Tolvern was also tired of sharing close confines with the architects of the leviathan trap, Smythe and Brockett, and wishing she’d left Capp behind, as well. The first mate grew bored and started needling McGowan, who responded with sharp retorts, which Capp pretended not to understand. Her innocent act wasn’t fooling anyone; even Carvalho rolled his eyes. Meanwhile, Smythe and Brockett kept up an endless conversation about xenobiology that didn’t interest her in the slightest.
Tolvern didn’t wait for the storm to fully die before she fixed a bandana over her mouth and nose and stumbled through the bay doors, down the ramp, and into the hazy, sand-blurred landscape.
Massive red dunes lay sculpted like a sea of waves ahead of her. They stretched to a distant range of brown mountains that peeked above the hazy remnants of the sandstorm. Here and there gray-green trees lifted on slender, spiny stalks above the sand, and as the wind died, Tolvern stared in surprise as they unfurled smooth limbs and spread their needle-like leaves to catch the sun.
The others emerged from the shuttle, passing around a spray bottle of sunblock, even Carvalho, who was Ladino and of a complexion that would theoretically bronze in the sun. He hadn’t seen actual solar energy in months, though, and was nearly as pale as the rest.
A pair of marines took up position outside the shutt
le doors, assault rifles in hand. Two other armed marines tromped down the gangplank and accompanied the naval officers as they set off in the direction indicated by Brockett’s hand computer.
Capp hooked a finger at the marines. “What do we need them for? We ain’t expecting the ghouls to attack us down here or nothing, are we?”
“Didn’t you read the briefing?” McGowan said. He handed Capp the sunblock, then scowled as she sprayed her buzzed scalp and rubbed it in. “You might have brought a hat, too, if you’re going to keep shaving your pate, marine-style.”
“Nah, I didn’t read nothing like that. Took a quick look—it was mostly them Persians bragging on about their planet, yeah? We gonna get attacked down here, or what?”
“There are giant lizards, apparently,” Tolvern said.
Capp perked up. “Like them monster toads on Samborondón? Big as houses?”
Smythe came alongside with his hand computer out. “Not that big. Five thousand pounds, max, according to the briefing. Think of the biggest crocodile you can imagine, then double it.”
“Me and Carvalho are armed,” Capp said. “We can handle it, yeah?”

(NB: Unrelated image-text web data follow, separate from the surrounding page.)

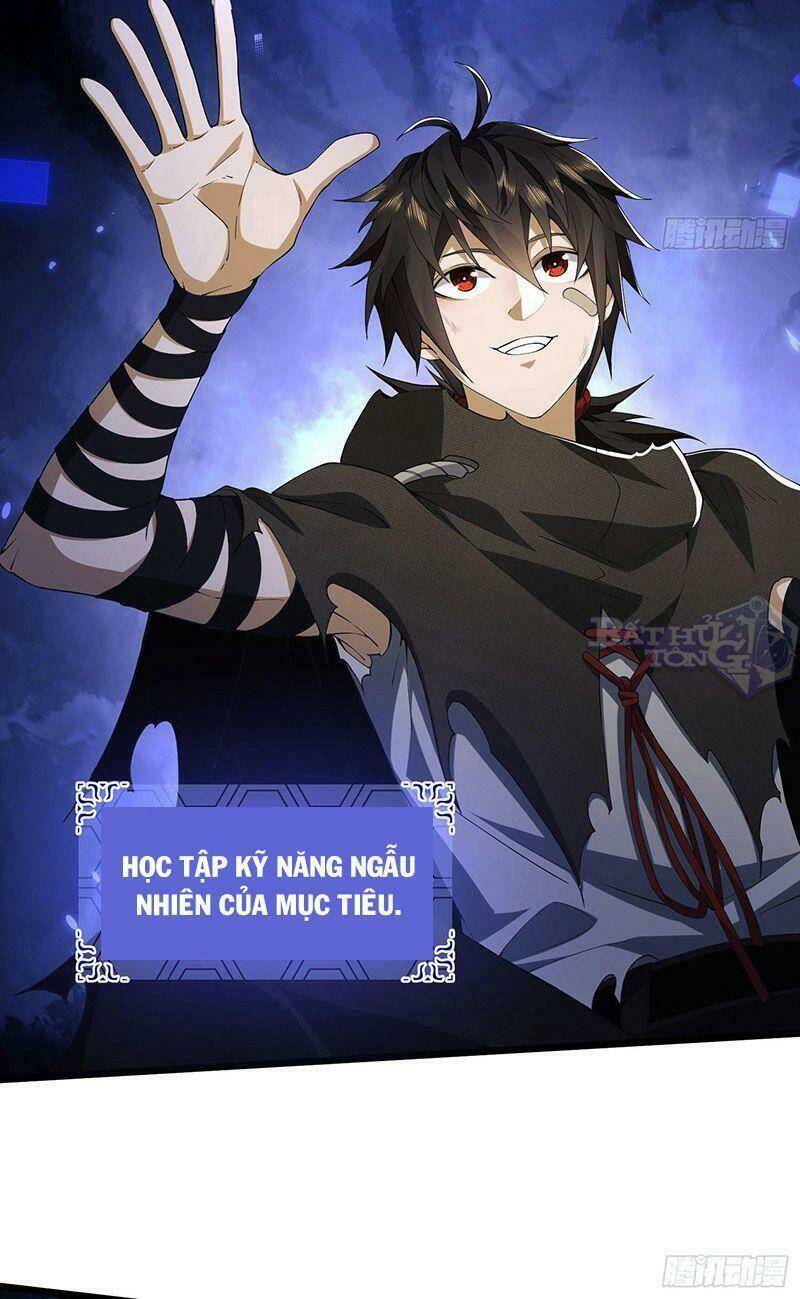 Đệ Nhất Danh Sách - Chapter 7 - Page 48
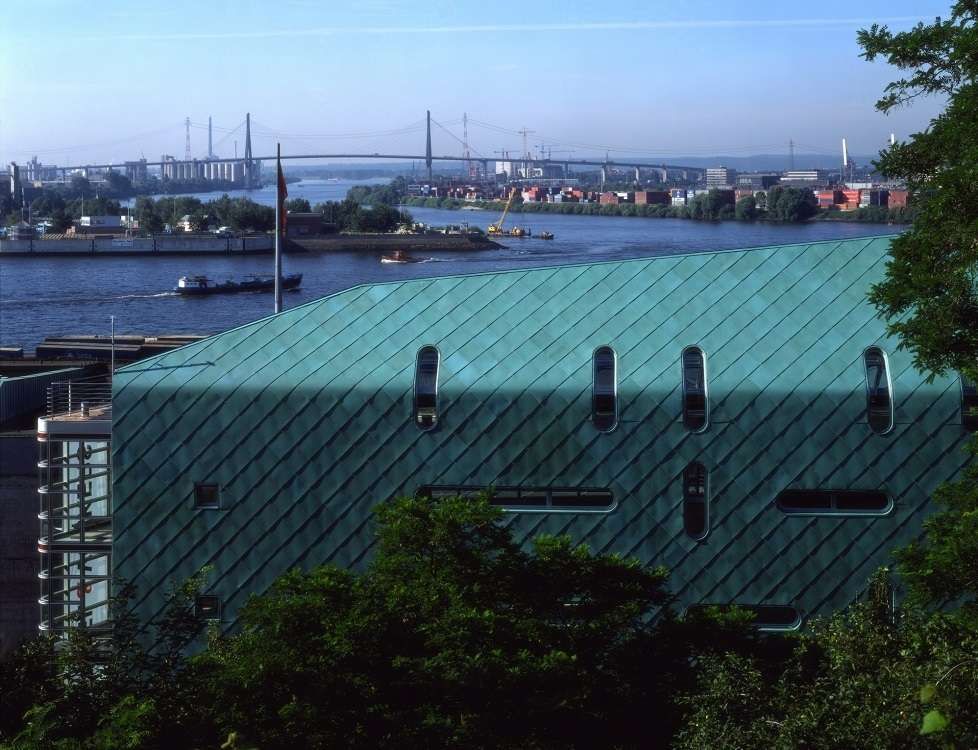 Objektbild
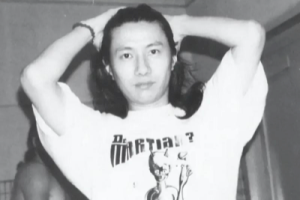 灰姑娘吉他谱-郑钧《灰姑娘》G调图片谱-原版弹唱谱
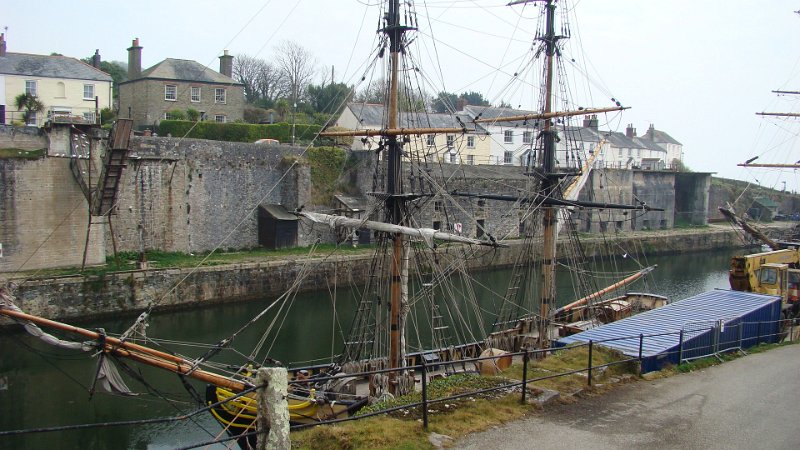DSC01318.JPG - Charlestown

All the same, Tolvern wasn’t keen on running into five-thousand-pound lizards, and she scanned the dunes, wondering if there were any dug in nearby, waiting to spring out and drag off some unsuspecting fool.
Tolvern had read the briefing; she always did. It wasn’t only lizards they had to worry about.
There were apparently insects that would try to eat you, too, beetles and mantises that could grow three or four feet long, but it was their dormant season. Probably. Nobody was especially sure. This had been uninhabited desert even before the Apex war, which had reduced the planetary population to roughly a million people, these since gathered in a handful of central locations to facilitate the war effort out here on the Inner Frontier.
The storm had died to occasional gusts and a stiff breeze that stirred the sand more than blew it skyward, and Tolvern pulled down the bandana. The air carried a whiff of cinnamon and sage, stronger when they drew near one of the trees. And another scent, something vaguely sweet, like treacle. Brockett was the expert on xenobiology, and suggested, for the sake of caution, that they avoid touching the trees or approaching too close.